Toronto ranked eight; Vancouver ranked ninth.
“If you put them together, we’re clearly a top-five ecosystem globally,” said Daniels.
Highline’s goal is to help startups generate $10 billion in economic value over the next decade. Daniels doesn’t see that happening if Toronto and Vancouver are competing against each other.
“It’s going to be a 1+1=3 scenario,” he said.
But Ray Walia, executive director of the Vancouver-based Launch Academy business incubator, said even a combined Vancouver-Toronto ecosystem would be up against tough competition.
“No matter who you are, outside of San Francisco and possibly New York, you will always be a secondary market when it comes to technology ecosystems,” he said.

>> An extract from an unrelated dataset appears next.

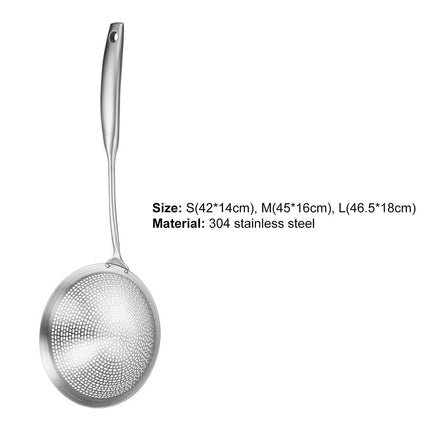 Colander Spoon Anti-scald Handle 304 Stainless Steel Strainer Scoop-L.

Walia is co-organizing the November 21 Cascadia Summit, which is drawing investors to check out 40 of the region’s top startups.
“The Pacific Northwest and Cascadia region have so much more in common with each other than we do, say, with our counterparts on the East Coast, that it makes sense for us to collaborate and work together on a more [regular] basis,” Walia said.
He’s not against partnerships with Toronto-based organizations, but said it makes more sense to find out what regions excel at and build organic startup communities from there.
A cohesive Cascadian startup ecosystem – one that exists in the same time zone as the undisputed champion Silicon Valley – makes sense to Walia.
“Vancouver has a huge potential. We don’t want to be another Silicon Valley.”
But Salim Teja, executive vice-president of ventures for Toronto’s MaRS Discovery District, said there is still a lot of untapped potential when it comes to collaborations between his city’s startup community and Vancouver’s.
Since founding in 2005, MaRS has developed a 1.5-million-square-foot innovation hub – the largest in North America – that houses about 1,000 startups.
Teja said Toronto’s access to more investment capital, a deeper talent pool and more industries make MaRS an ideal place for an early stage company to launch from.
But he added that an increasing number of Toronto startups are looking closer at Vancouver and its proximity to tech hotbeds like Seattle, San Francisco and Asia.
“What we need to do is start to identify these regional centres of expertise and really start to raise awareness for Canada as a whole,” Teja said.
“Canada’s geography makes us tougher to co-ordinate, so I think we need to self co-ordinate to get our message out there, get the investors and the talent and the companies looking up north.”